Available data —
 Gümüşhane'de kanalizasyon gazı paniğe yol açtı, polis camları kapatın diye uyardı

--

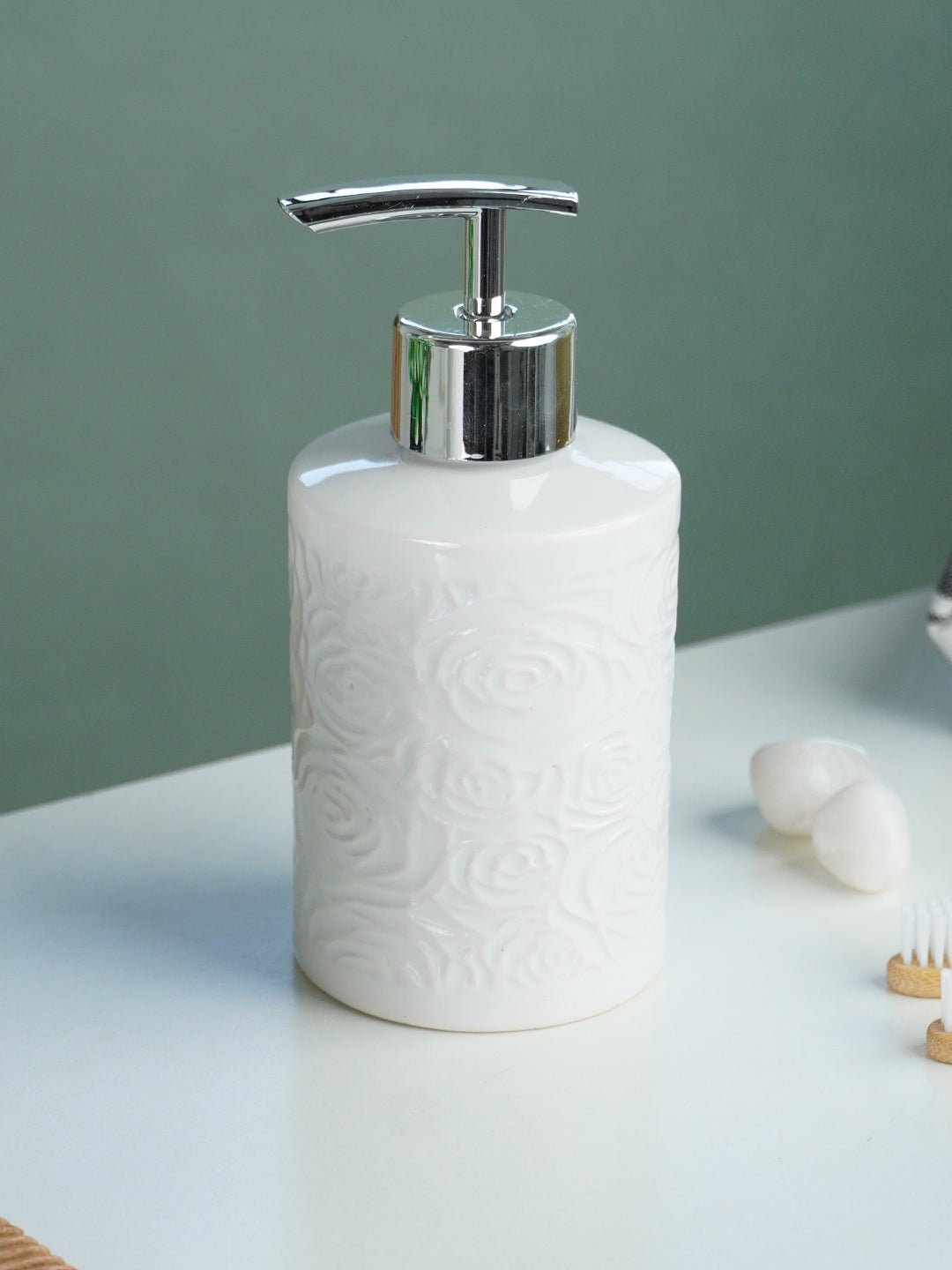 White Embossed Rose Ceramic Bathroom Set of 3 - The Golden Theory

==

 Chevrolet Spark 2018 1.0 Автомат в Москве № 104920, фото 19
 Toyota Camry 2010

What needs to be done —
In the entries above, find the line holding "Chevrolet Spark 2018" and the line holding "Toyota Camry 2010"; print both of them and every line between, exactly, and nothing else.

Exercise answer —
 Chevrolet Spark 2018 1.0 Автомат в Москве № 104920, фото 19
 Toyota Camry 2010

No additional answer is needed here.